MP3s and the rise of Napster may have grabbed plenty of headlines, moving digital music into the spotlight, but is this emerging market just about pumping PC bass and piracy? There is more to this digital revolution than meets the eye, and it all starts at home.
Many moons ago, one of my first jobs was in a big city office, with a big city view, over a big harbour. There were lots of staff and a tea lady who gracefully bumped her way from one desk to another. Tea, coffee, biscuits?
Computers were in the work-place, but as administration tools. Secretaries, personal assistants, accountants, human resources all had a personal computer on their desks.

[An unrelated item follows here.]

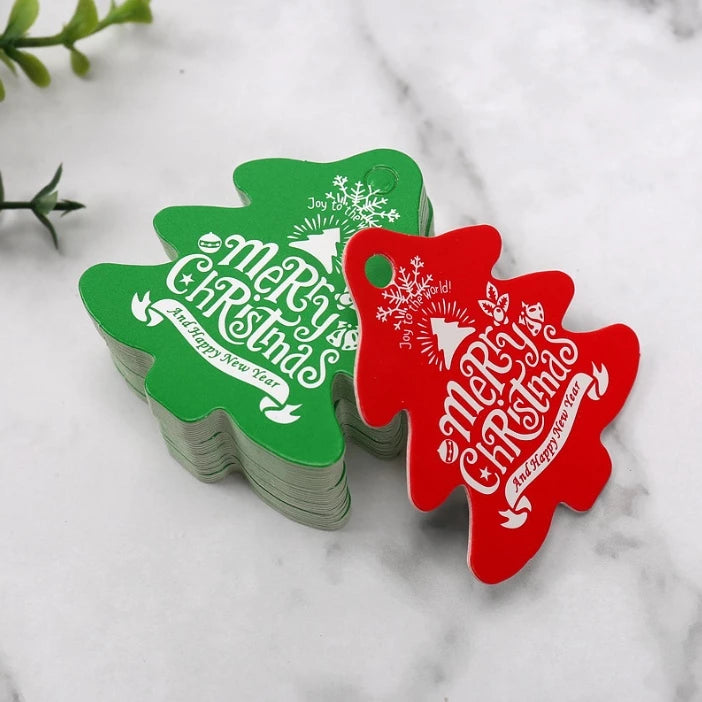 100Pcs/50pcs Christmas paper hand card wedding party paper tag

These PCs were really used as glorified typewriters. Bring up a new document, type, change the address, save and print.
Slowly, the PCs moved from residing solely on the desks of the personal assistants to the core staff who worked there, managers through to juniors. Despite the fact that, traditionally, these staff had worked with ink, 6B pencils and paper, hunched over drawing boards, they soon moved into the world of snap guide lines and 3D modelling.
All within the space of a few years.
As the changing use of PCs occurs in the workplace, so it does on the home front. More and more people are buying PCs for home use.
Perhaps it's for the kids to do their homework, or you might have started bringing those tedious marketing reports home to work on. Now the kids play games, you manage the mortgage payments, nanny and pops e-mail their grandkids, or even chat online. But the humble home PC is moving beyond this realm of use, too.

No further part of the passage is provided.